Il s’agit d’appliquer les sept chapitres de la Charte de l’ONU, en particulier l’article 41 sur la protection des civils. Nous avons également l’intention de demander la création d’une zone d’exclusion aérienne pour protéger les manifestants et les civils désarmés. Ce point est important, du moment que les autorités syriennes ont commencé à utiliser des avions et des hélicoptères dans diverses régions du pays.

swissinfo.ch: La communauté syrienne en Suisse a demandé aux autorités suisses d’agir. Cette demande a-t-elle été entendue? Avez-vous l’intention de demander à Berne de reconnaître le CNS?

N. D.: Le gouvernement suisse a en effet adopté une série de mesures et il est en train d’évaluer la possibilité de les durcir.

La Suisse a également annoncé un durcissement des sanctions économiques, ce qui constitue une étape importante. Les autres mesures concernent les relations diplomatiques [Berne a rappelé en août son ambassadeur à Damas].

Maintenant que nous avons créé le CNS, nous attendons de la Confédération qu’elle le reconnaisse comme la voix politique de la révolution qui, à l’avenir, s’engagera pour priver le régime syrien de sa légitimité.

Nidal Darwish est l’unique représentant de la communauté syrienne en Suisse à avoir participé à la rencontre d’Istanbul qui a marqué la création du Conseil national syrien.

Il est membre du Bureau politique de la Commission générale de la révolution syrienne (CGRS), une coalition qui réunit plus de 40 groupes révolutionnaire actifs à l’intérieur de la Syrie.

Il y a un mois, Nidal Darwish a été chargé par la CGRS de conduire les discussions qui ont mené à l’unification des différents mouvements d’opposition, après l’échec des précédentes conférences.
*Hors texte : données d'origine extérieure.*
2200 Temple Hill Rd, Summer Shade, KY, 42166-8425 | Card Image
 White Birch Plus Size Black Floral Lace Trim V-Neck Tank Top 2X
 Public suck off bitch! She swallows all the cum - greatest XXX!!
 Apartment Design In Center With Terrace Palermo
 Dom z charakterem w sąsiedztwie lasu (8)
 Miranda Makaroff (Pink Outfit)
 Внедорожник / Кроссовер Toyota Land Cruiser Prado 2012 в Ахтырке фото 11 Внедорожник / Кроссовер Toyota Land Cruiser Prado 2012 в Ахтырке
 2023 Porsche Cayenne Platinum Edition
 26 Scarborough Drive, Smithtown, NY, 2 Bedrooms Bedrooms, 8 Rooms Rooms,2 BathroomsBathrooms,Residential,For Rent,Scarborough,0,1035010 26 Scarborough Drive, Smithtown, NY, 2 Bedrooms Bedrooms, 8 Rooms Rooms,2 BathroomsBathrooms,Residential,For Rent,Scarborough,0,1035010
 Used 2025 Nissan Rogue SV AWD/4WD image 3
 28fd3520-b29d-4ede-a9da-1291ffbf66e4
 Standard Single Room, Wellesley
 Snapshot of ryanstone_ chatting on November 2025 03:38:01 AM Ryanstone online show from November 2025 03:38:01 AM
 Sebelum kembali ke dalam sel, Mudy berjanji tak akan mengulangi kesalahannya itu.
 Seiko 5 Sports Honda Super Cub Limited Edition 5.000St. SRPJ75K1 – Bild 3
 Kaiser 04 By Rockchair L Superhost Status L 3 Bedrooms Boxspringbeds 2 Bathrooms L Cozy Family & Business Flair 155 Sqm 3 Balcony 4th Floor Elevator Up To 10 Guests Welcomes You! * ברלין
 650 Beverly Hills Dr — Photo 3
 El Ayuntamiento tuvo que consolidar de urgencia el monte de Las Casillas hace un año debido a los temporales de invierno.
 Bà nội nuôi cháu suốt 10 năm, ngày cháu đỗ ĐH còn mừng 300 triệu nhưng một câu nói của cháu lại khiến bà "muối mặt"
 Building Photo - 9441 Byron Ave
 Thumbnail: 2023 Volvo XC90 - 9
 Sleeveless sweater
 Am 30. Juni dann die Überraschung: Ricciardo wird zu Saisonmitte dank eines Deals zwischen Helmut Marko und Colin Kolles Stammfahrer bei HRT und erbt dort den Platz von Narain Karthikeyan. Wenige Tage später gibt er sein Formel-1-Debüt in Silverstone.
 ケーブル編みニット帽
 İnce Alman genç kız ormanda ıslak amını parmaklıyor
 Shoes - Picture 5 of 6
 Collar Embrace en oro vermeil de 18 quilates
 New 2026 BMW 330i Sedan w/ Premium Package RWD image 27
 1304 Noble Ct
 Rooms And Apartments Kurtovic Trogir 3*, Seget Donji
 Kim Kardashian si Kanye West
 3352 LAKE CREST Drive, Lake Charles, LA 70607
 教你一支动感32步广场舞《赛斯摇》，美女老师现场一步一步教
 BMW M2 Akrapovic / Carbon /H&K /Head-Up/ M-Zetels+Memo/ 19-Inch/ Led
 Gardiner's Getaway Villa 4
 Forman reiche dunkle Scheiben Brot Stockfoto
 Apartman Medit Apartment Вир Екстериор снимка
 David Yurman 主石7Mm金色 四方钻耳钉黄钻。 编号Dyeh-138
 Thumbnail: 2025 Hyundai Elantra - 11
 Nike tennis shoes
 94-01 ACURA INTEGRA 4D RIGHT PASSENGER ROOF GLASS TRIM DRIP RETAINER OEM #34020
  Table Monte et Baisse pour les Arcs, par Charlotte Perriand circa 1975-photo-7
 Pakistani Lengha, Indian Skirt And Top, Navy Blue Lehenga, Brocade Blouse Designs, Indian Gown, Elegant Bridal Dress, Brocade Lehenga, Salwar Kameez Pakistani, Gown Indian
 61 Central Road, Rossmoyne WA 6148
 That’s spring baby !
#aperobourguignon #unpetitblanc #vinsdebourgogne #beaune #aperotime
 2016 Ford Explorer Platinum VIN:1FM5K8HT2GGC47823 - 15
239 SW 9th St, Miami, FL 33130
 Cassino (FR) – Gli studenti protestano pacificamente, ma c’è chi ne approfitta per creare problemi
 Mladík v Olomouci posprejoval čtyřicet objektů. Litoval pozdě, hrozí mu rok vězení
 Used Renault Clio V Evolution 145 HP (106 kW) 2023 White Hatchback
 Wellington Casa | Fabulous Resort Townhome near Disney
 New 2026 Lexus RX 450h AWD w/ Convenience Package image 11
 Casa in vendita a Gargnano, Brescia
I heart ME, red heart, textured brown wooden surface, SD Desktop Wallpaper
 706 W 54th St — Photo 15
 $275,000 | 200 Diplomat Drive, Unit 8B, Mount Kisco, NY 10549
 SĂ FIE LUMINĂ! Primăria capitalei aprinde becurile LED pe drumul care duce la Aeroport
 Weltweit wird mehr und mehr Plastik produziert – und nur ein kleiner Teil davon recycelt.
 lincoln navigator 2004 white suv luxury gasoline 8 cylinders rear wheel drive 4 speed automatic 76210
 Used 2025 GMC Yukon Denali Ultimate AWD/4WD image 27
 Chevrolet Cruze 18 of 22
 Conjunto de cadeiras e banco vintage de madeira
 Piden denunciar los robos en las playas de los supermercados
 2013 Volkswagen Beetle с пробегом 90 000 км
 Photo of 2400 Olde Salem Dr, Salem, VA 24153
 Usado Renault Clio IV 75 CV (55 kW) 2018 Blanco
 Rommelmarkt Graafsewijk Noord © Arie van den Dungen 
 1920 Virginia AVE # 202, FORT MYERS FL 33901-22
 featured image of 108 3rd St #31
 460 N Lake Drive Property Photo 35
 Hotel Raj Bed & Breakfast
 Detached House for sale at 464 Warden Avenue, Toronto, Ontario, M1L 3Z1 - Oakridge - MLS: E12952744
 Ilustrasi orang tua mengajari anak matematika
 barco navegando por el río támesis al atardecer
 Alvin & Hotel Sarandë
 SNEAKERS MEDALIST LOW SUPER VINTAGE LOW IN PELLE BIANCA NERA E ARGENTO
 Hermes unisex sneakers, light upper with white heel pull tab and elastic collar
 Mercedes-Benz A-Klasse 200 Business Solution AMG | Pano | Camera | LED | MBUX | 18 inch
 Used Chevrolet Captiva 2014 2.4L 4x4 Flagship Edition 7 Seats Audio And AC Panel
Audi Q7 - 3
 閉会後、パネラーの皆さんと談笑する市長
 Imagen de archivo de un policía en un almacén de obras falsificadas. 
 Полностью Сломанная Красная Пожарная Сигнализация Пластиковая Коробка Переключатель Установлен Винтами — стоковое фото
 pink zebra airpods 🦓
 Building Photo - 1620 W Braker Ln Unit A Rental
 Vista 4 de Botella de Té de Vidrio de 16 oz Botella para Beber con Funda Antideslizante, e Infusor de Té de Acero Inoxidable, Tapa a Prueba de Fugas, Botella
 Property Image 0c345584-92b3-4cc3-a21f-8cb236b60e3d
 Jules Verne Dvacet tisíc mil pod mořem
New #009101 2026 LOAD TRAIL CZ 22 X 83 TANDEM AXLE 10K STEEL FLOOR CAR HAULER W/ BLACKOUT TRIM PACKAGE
Interrogé par swissinfo.ch quant à son intention de reconnaître le nouveau Conseil national syrien, le Département fédéral des affaires étrangères a communiqué que la Suisse reconnaît les Etats, pas les gouvernements.

«La Suisse a condamné à plusieurs reprises les violations systématique des droits humains perpétrées par les forces de sécurité syriennes contre la population civile», a affirmé une porte-parole du département.

«La Suisse salue tout initiative visant à la défense des droits fondamentaux de la population syrienne», a-t-elle encore ajouté.

Le Haut-Commissaire des Nations Unies pour les droits de l’homme a annoncé jeudi que plus de 2900 personnes avaient été tuées depuis de début de la répression contre les opposants au régime de Bashar Al-Assad, le 15 mars.

Ce nombre risque de toute façon d’augmenter, vu que le nombre des personnes portées disparues «est encore plus élevé», a encore précisé l’agence onusienne.